# How to fix BT keyboard mapping in CM Touchpad



## ebswift (Aug 26, 2011)

I had to look through a number of references to get all the info together so I made a quick tutorial. I use an iconiatab bluetooth keyboard, and not all the special keys work, and the < and > characters didn't work. Hopefully this might help some people to get the keys mapped properly:

https://docs.google.com/document/d/1jMyVtjJXF3uD6JciCYJMn-lv0KiWWkZ1plzAzfmbdQE/edit?hl=en_US


----------



## calris (Aug 22, 2011)

I've updated http://code.google.com/p/cmtouchpad/issues/detail?id=73 with a HP_TouchPad_Wireless_Keyboard.kcm.bin file - Copy it to /system/usr/keychars (using adb or Root Explorer and reboot your TouchPad - the '<' and '>' will then work properly


----------



## ebswift (Aug 26, 2011)

Cool, thanks calris, nobody should really need to edit the binary now. The < and > were the only things I think that have to be modified.

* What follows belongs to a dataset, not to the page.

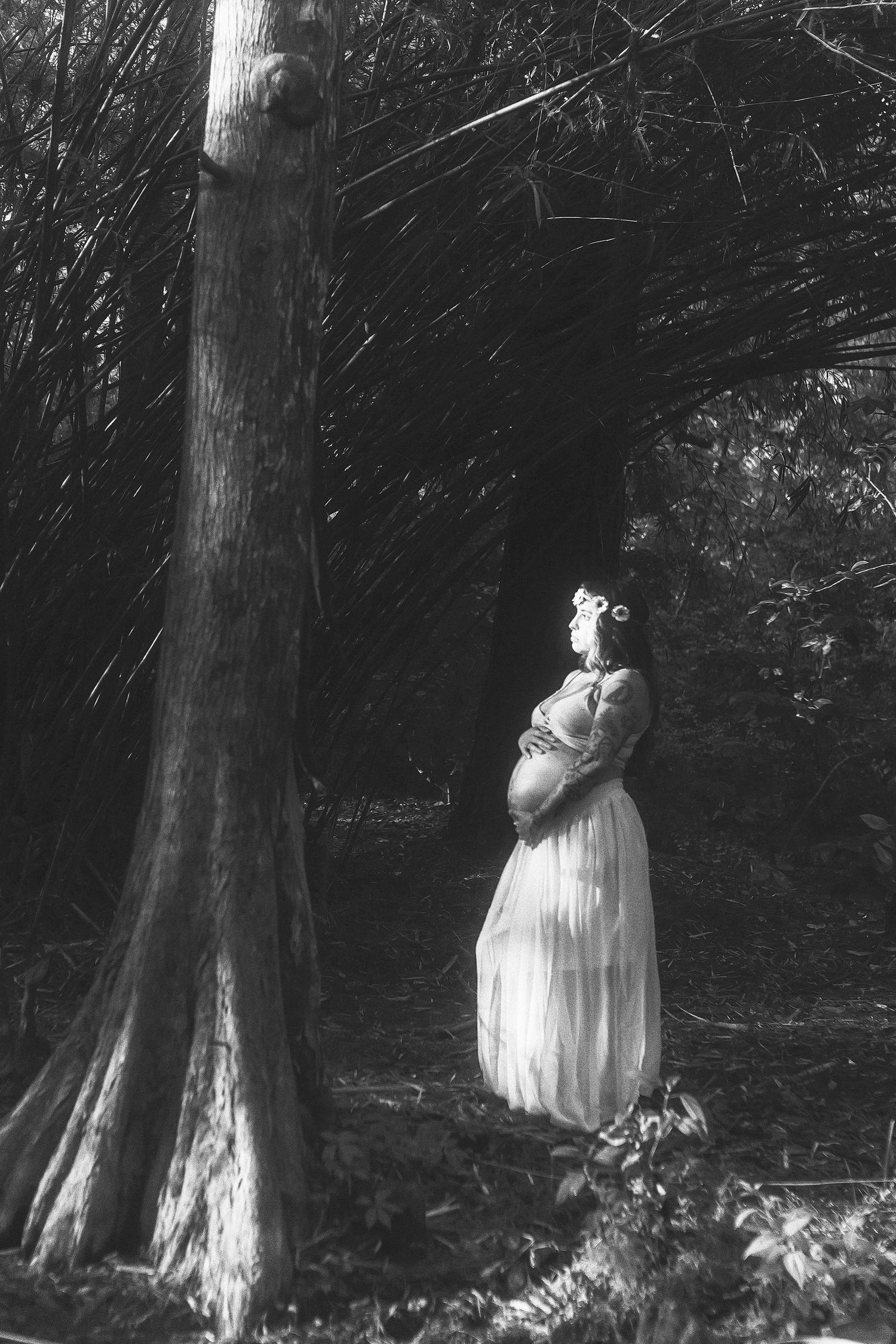 Black and white photo of pregnant woman in white dress standing among trees in a forest, cradling her baby bump.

The kl file on the other hand needs to be modded depending on which bt keyboard you are running; you can get the correct mapping for any layout.


----------



## jeff0519 (Oct 15, 2011)

hi can i use my phone into keyboard for TP???thanks


----------



## decalex (Jul 25, 2011)

Thanks so much for posting this. I'm gonna take a crack at getting my HP Bluetooth kb working well with this.

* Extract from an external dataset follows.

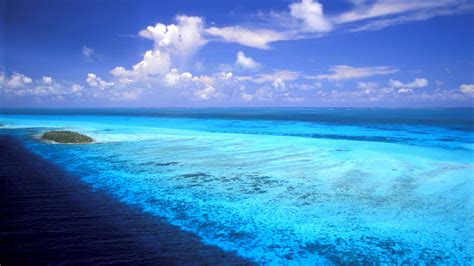 Calm Blue Body Of Water Seashore Under Blue Cloudy Sky Hd Nature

Question though-- when you're using your bluetooth keyboard, is the softkeyboard still up on your screen? I know it's a known bug that isn't a priority right now, but wondering if you have a workaround.
Thx again.


----------



## ncinerate (Sep 20, 2011)

decalex said:


> Thanks so much for posting this. I'm gonna take a crack at getting my HP Bluetooth kb working well with this.
> 
> Question though-- when you're using your bluetooth keyboard, is the softkeyboard still up on your screen? I know it's a known bug that isn't a priority right now, but wondering if you have a workaround.
> Thx again.


Current workaround I've found is installing null keyboard and turning it on before using my bluetooth keyboard. Just keeps the onscreen keyboard totally off until I turn null keyboard off in the settings. A bit annoying, but it works.


----------



## decalex (Jul 25, 2011)

genius  totally forgot about that app! ty.


----------



## carlosbsanchez (Oct 14, 2011)

ncinerate said:


> Current workaround I've found is installing null keyboard and turning it on before using my bluetooth keyboard. Just keeps the onscreen keyboard totally off until I turn null keyboard off in the settings. A bit annoying, but it works.


Great idea! Works like a charm.


----------



## ebswift (Aug 26, 2011)

I've updated the google docs since the a3 release. Following the old instructions to the letter would end up with reversing the latest fixes that address some fundamental issues like orientation.

Moving forward, does anyone know if it's possible to map 'action' keys like launch browser, email, media player etc., or is this something that would need a driver built for a specific keyboard? Maybe ICS will give us some more flexibility - last I read too, it would have support for the CTRL key which will be helpful too (like for CTRL-arrow shortcuts for skipping over words).

Anyhow, following the new instructions will get you up and running on a3, and they probably won't change for future releases now.


----------